Aβ Positron Emission Tomography Imaging

Amyloid precursor protein (APP) is a transmembrane protein expressed in neurons and other tissues, and once cleaved by γ- and β-secretases, it leads to the formation of a 37–49 amino acid long Aβ peptide (Mucke and Selkoe, 2012). Aβ can self-assemble into oligomeric Aβ with less well-defined structures and greater toxicity to cells as well as into fibrillar Aβ (Cohen et al., 2013). Different forms of Aβ plaques, including core plaque, diffuse plaque, and cerebral amyloid angiopathy (CAA) were observed in the autopsy brain (Thal et al., 2002).

In silico and in vitro

Aβ imaging tracers detect β-sheets of Aβ fibrils and are mainly derivatives of benzoxazole and benzothiazole, and (Okamura et al., 2004). Three tracers, [¹⁸F]flutemetamol (Vizamyl), [¹⁸F]florbetaben (AV-1, Neuraceq), and [¹⁸F]florbetapir (Amyvid) have been approved by the Food and Drug Administration (FDA) and European Medicines Agency (EMA) for clinical use. [¹¹C]PiB, a thioflavin T derivative, is the most commonly used tracer for in vivo Aβ PET imaging in a research setting. Klunk et al. (2004) reported increased [¹¹C]PiB abundance in the cortical regions of AD patients compared to non-demented controls. [¹¹C]PiB preferentially binds to Aβ₄₂ fibrils with one high and one low binding site (Fodero-Tavoletti et al., 2007; Ni et al., 2013, Ni et al., 2017).
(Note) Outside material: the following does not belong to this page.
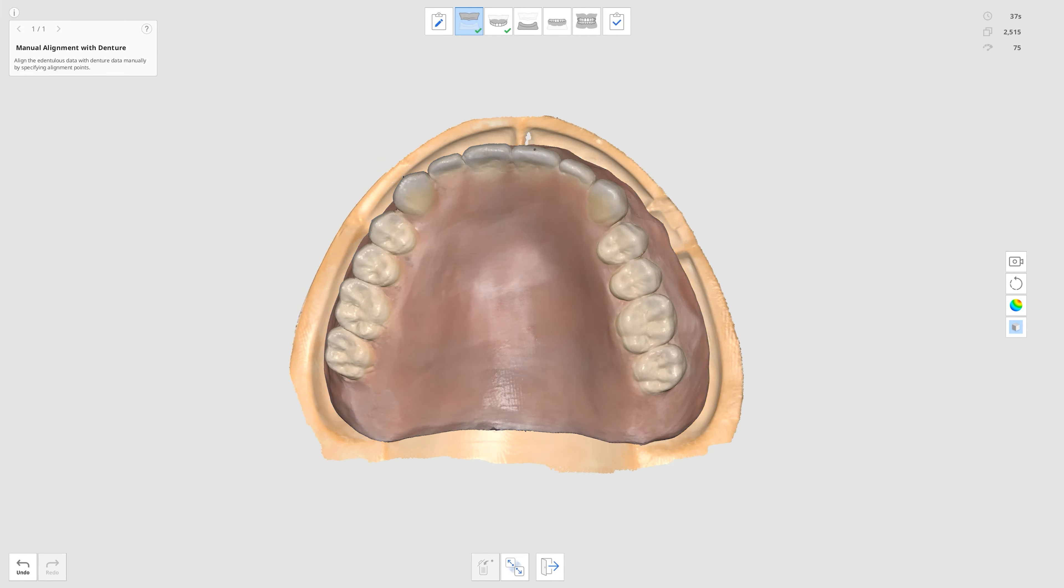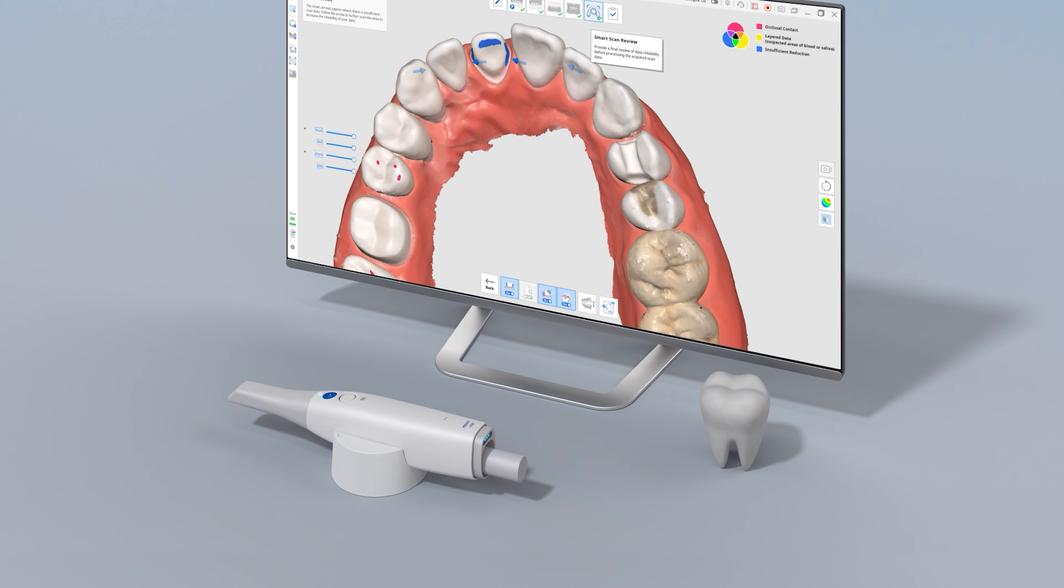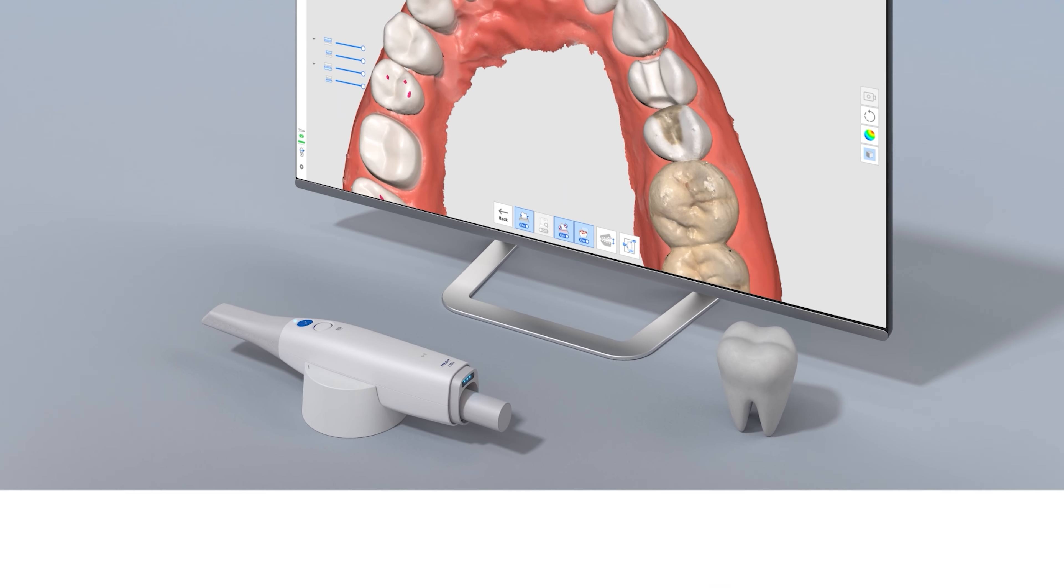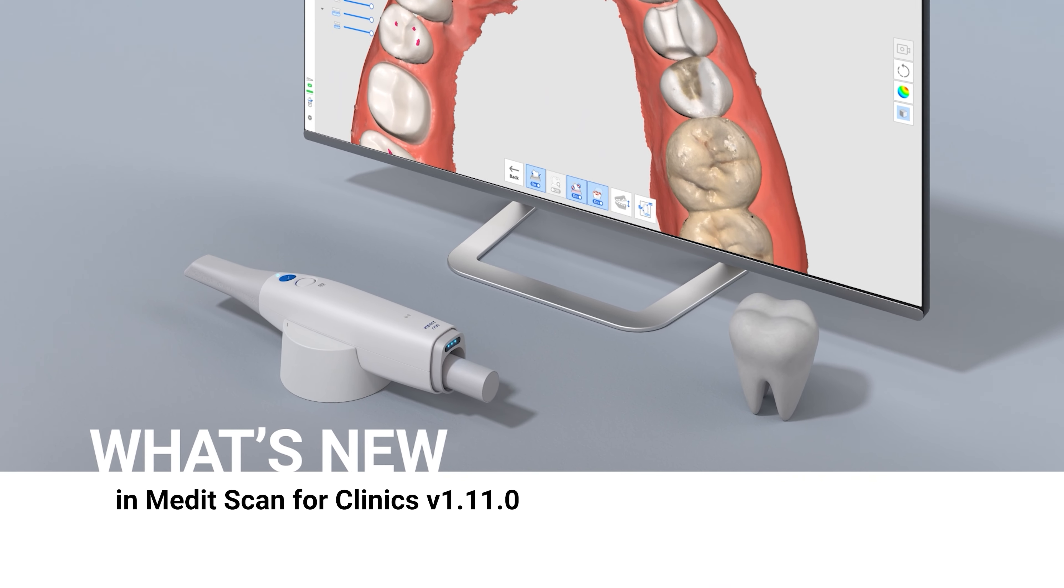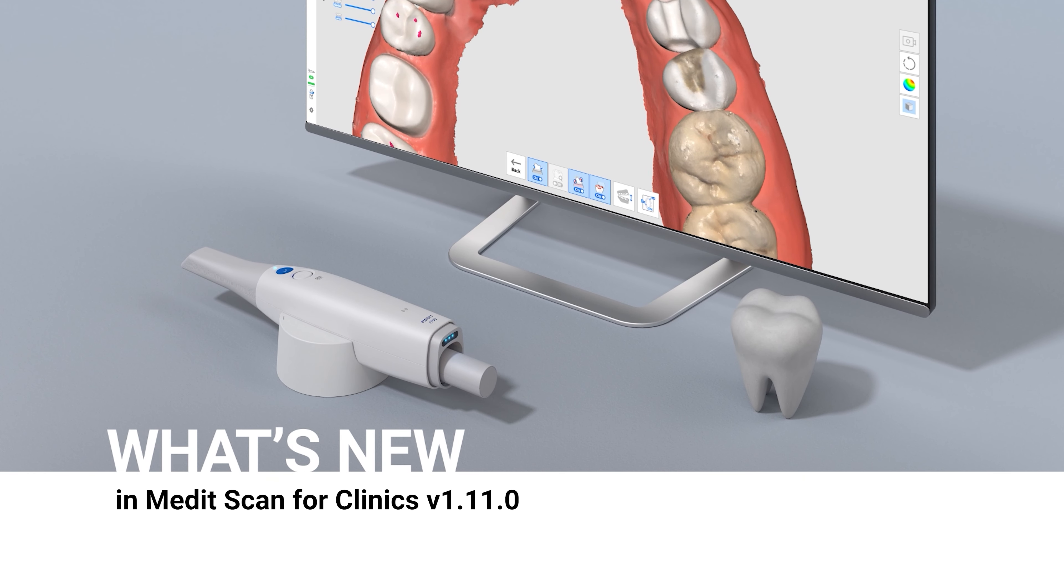This has been an overview of what's been updated in Medit Scan4 Clinics version 1.11.0. Update your software now to check for more updates.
Apart from labeling classical plaques, [¹¹C]PiB also detects diffuse plaque and, to a minor extent, NFT. In addition, [¹¹C]PiB detects CAA, a comorbidity that accumulates mainly in the occipital lobe (Johnson et al., 2007). Recent study showed that [¹¹C]PiB PET can underestimate brain Aβ burden in the presence of cotton wool plaques (Abrahamson et al., 2021). [¹⁸F]AZD4694, a benzofuran derivative, structurally resembles [¹¹C]PiB (Rowe et al., 2013), enabling the detection of small Aβ aggregates and minimally recognizing white matter. Examination of the regional distribution in the brains of AD patients compared to healthy controls indicated similar binding properties between [¹⁸F]AZD4694 and other Aβ radioligands, such as [¹¹C]PiB (Cselényi et al., 2012). Binding characterization study showed that [³H]florbetaben bound to Aβ deposits in AD brain with high affinity and was able to accurately detect the Aβ burden in AD and shows low non-specific binding to non-demented control (Ni et al., 2021). [¹⁸F]florbetapir, a stilbene derivative, demonstrated high-affinity binding to Aβ, and faster uptake in the brain than [¹⁸F]florbetaben and [¹⁸F]flutemetamol (Mason et al., 2013). The radioligand [¹¹C]BF227, a benzoxazole derivative, showed acceptable BBB permeability and Aβ affinity and preferentially bound to dense plaques in AD patients (Kudo et al., 2007).

In vivo

High concordance between Aβ PET tracers have been reported. A study comparing [¹¹C]PiB and [¹⁸F]flutemetamol in MCI, AD and healthy subjects exhibited promising outcomes regarding [¹⁸F]flutemetamol’s specificity (85.3%) and sensitivity (97.2%) in differentiating AD from controls (Hatashita et al., 2014). High concordance between [¹¹C]PiB and [¹⁸F]flutemetamol uptake was reported (0.81) in this study (Hatashita et al., 2014). Similar robust concordance in the tracer brain uptakes have been reported in head-to-head studies using different pairs of amyloid tracers, e.g., [¹¹C]PiB vs. [¹⁸F]florbetapir (Su et al., 2019), and [¹⁸F]flutemetamol vs. [¹⁸F]florbetaben (Cho et al., 2020). In regards to the brain uptake of the tracers, [¹⁸F]florbetapir showed a lower cortical uptake (standardized uptake value, SUV = 1.67) compared to [¹⁸F]flutemetamol (SUV > 2) (Choi et al., 2009). The off-target binding of [¹⁸F]-labeled tracers to white matter is a common but unwanted limitation in regard to PET imaging tracers. To facilitate the discrimination between Aβ positivity or negativity scans and the standardization of rating methods, a quantitative threshold to assess Aβ abundance is needed. Therriault et al. (2021) suggested a standard uptake value ratio (SUVR) of 1.55 for Aβ positivity for [¹⁸F]AZD4694, SUVRs of 1.1 for low Aβ burden, and 1.24 for established pathology for [¹⁸F]florbetaben (Bullich et al., 2021). Similarly, the centiloid method suggested the use of the unit to quantitatively determine the Aβ load of PET images using a standardized approach. The scale ranges from 0 to 100, where 0 anchors reflect amyloid-negative outcomes, and 100 anchors reflect typical amyloid-positive AD patients. Standardization of acquisition time duration, tracer usage and reconstruction algorithms facilitate multicentric collaborations (Klunk et al., 2015).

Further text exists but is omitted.